Berawal dari perbincangan pada saat itu Ali
mengajak saya dan Rosyid untuk bergabung pada ide cemerlangnya dalam membangun
pola pikir yang lebih kritis dan divergen. Dia mempunyai sebuah tekad untuk
membentuk kelompok Sinau berapapun anggotanya dengan sebuah nama Detak Aksara.
Nama ini tidak sekedar nama yang asal-asalan melainkan melalui pertimbangan
dari gurunya yang dianggap mumpuni dalam keilmuannya.
Inisiatif
adanya perkumpulan diskusi ini berawal dari pengalaman Ali semenjak ikut kursus
bahasa di Pare dan kunjungannya ke Solo untuk sharing bersama Mas Bandung. Ali
pun bercerita kita sudah ketinggalan jauh oleh zaman, disebabkan kurangnya
minat baca. Pendidikan yang carut marut saat ini belum mampu untuk membangun
budaya baca.
Membaca yang
tidak sekedar membaca itu butuh pola pikir yang tidak mengkerucut melainkan
pola pikir yang menyebar. Menulis yang tidak sekedar menulis butuh rombakan
atau revolusi setiap saat.
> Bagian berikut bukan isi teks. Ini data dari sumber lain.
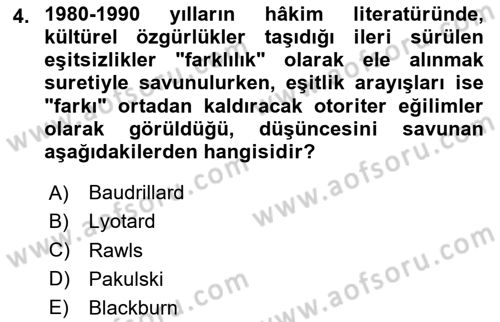 Toplumsal Tabakalaşma ve Eşitsizlik Dersi 2024 - 2025 Yılı (Vize) Ara Sınav Soruları 4. Soru
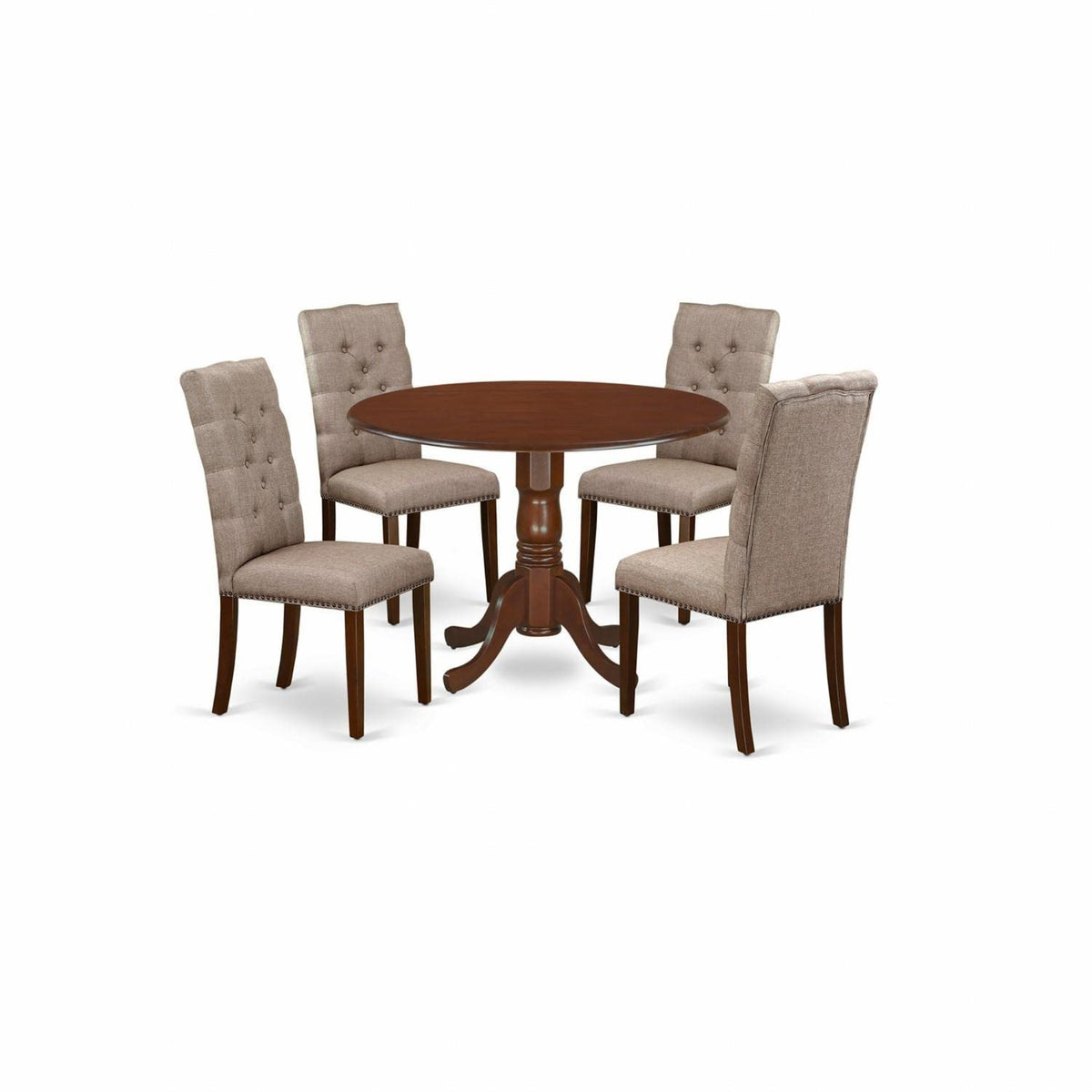 Casafoyer Dublin 5 Piece Room Furniture Set Includes A Round Dining Table With Dropleaf And 4 Dark Khaki Linen Fabric Parsons Chairs, Dlel5-Mah-16, Mahogany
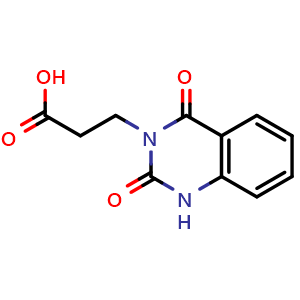 Chemical structure of 3-(2,4-dioxo-1,2,3,4-tetrahydroquinazolin-3-yl)propanoic acid , CAS 82603-63-2, AChemBlock AD249282
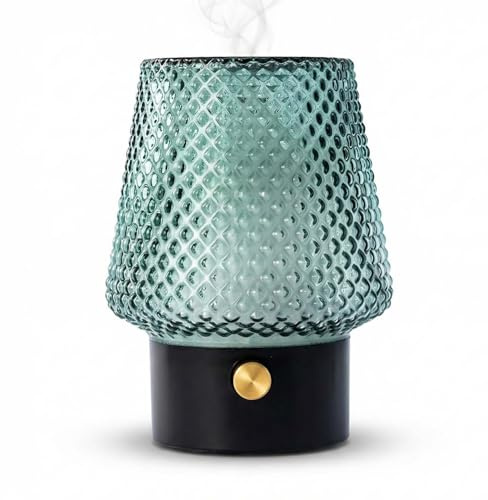 MULIN Diffuseur Huiles Essentielles en Verre Fait Main 100ML, Diffuseur Ultrasonique Silencieux avec Lumière LED, Humidificateur d’Air et Diffuseur Parfum Maison pour Chambre, Bureau, Yoga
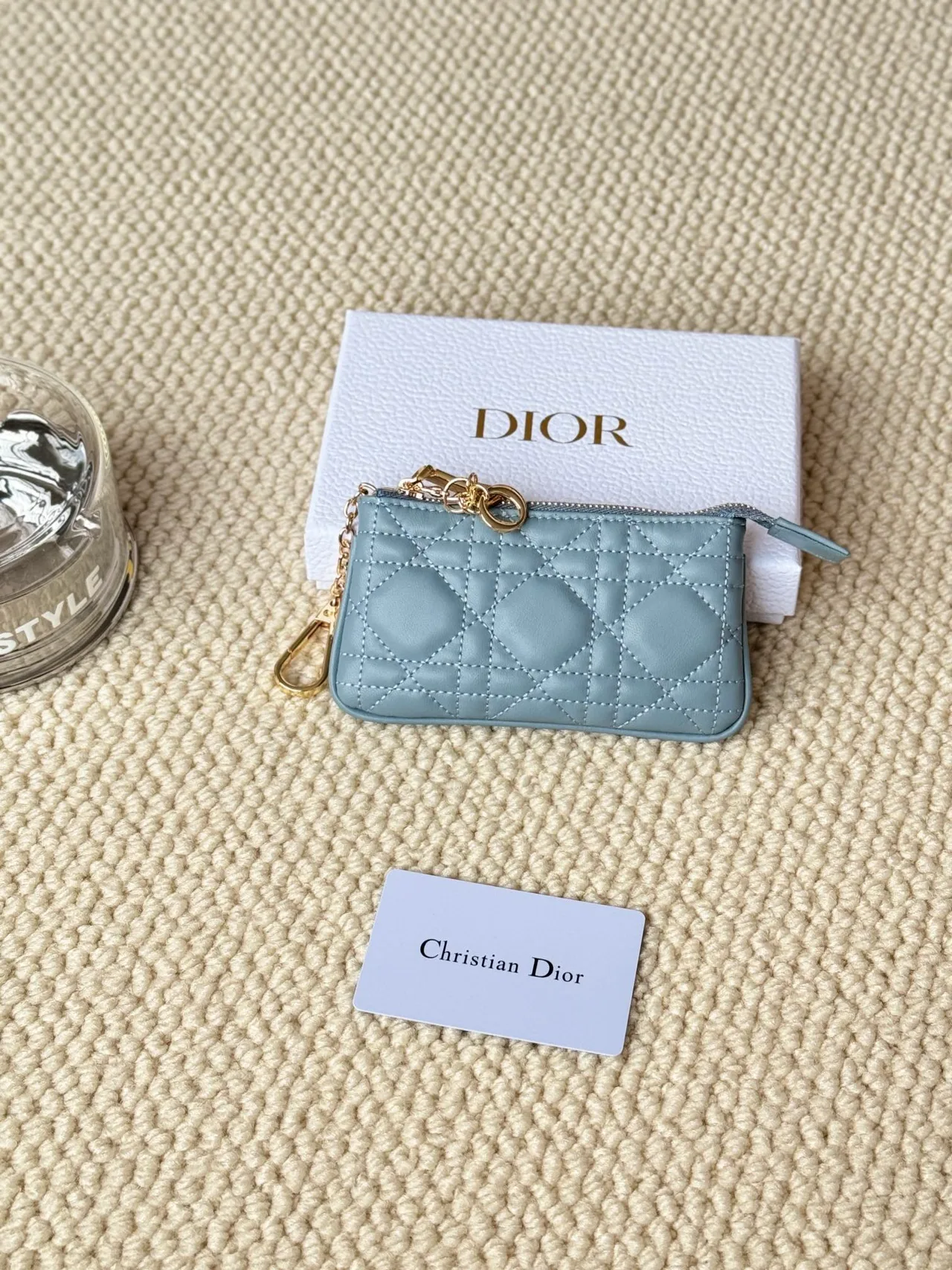 Dior Lambskin Quilted Glossy Zip Key Pouch in Blue · view 1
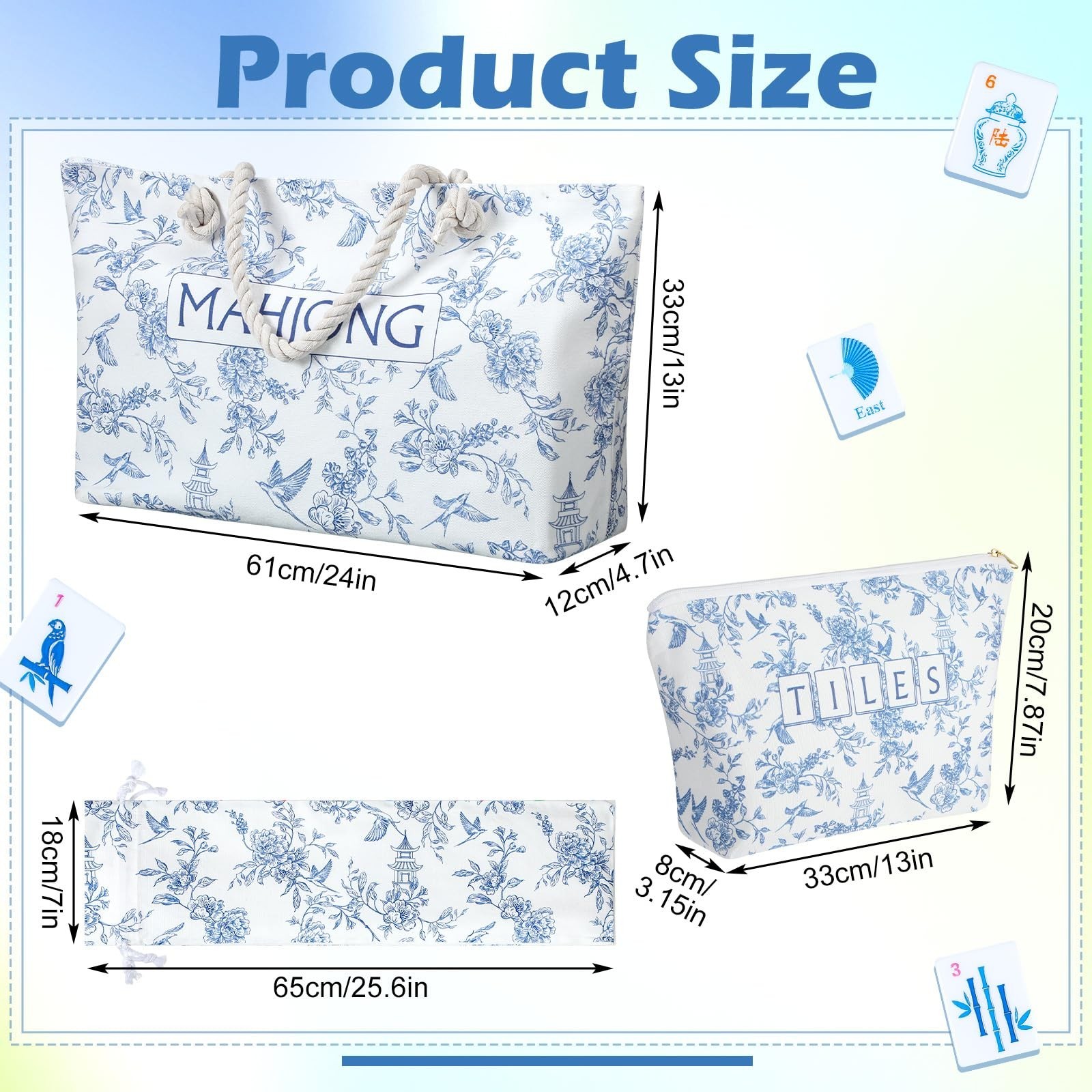 Ceenna 271 Pcs Chinoiserie American Mahjong Tiles Set, 160 Blue Tiles Mah Jon…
Berbicara yang tidak sekedar berbicara butuh
pemahaman yang menggelobal.
Dalam
kelompok Sinau yang di dalamnya terdapat diskusi keilmuan, sharing pengetahuan,
dan meningkatkan daya ingat untuk menuangkan ke dalam tulisan bukan sebuah
organisikasi formal yang terikat dengan aturan dan banyak konsep melainkan
sebuah kelompok kecil yang di dalamnya tiada lain hanya untuk membiasakan
membaca, berbicara, dan menulis.
Pepatah
berkata”tiada kata terlambat selagi
untuk belajar” maka saya pun menanggapi dengan penuh antusias dan menyatakan sanggup
untuk bergabung di kelompok Sinau Detak Aksara. Pikiran ini
sudah mulai terbuka dan ada jalan untuk tidak sekedar duduk diam bermalas-malas
tanpa makna apapun.
Membaca
bukan sebuah hobi melainkan sebuah kebutuhan, menulis bukan sebuah cita-cita
melainkan sebuah kebiasaan. Siapapun bisa melakukan hal itu dengan membuang
kemalasan. Kemalasan akan terbuang salah satunya oleh lingkungan yang mendukunge.
Tanpa
beranjak membelok dari dunia yang serba formalitas pikiran ini tidak akan
berkembang. Dunia permakalahan yang terikat dengan waktu dan penilaian membuat
baca tulis termanipulasi oleh copas (copy paste) pemikiran orang. Dunia
blogspot yang bukan karya bloger masih saja dipercaya untuk diperdebatkan. Sang
pemilik bukupun terasingkan gara-gara kutipan sembarangan.
Sampai
pemahaman agama yang serba plagiat dari kyai kondang dan penceramah di panggung
megah dan layar televisi membuat insan ini berpikir mati dan tidak mau membuka
sejarah melalui buku lama yang lusuh di toko buku atau di perpustakaan. Sebuah
ide besar dari Ali sebagai penggagas kelompok Sinau untuk mengulang bersama
menilitik sejarah melalui Detak Aksara.
Dari saking
miskinnya dunia baca saya, tulisan ini pun jauh dari kutipan. Rasa malu ini
sedikit terobati dengan keberanian menggoyangkan jari merangkai kata demi kata
menjadi sebuah judul AKU MENULIS. Harapan besar semoga kelompok detak aksara
tak sekedar punya teori dan konsep. Tapi dengan satu pertemuan membuat rindu
pertemuan yang akan datang. Salam Tinta Karya.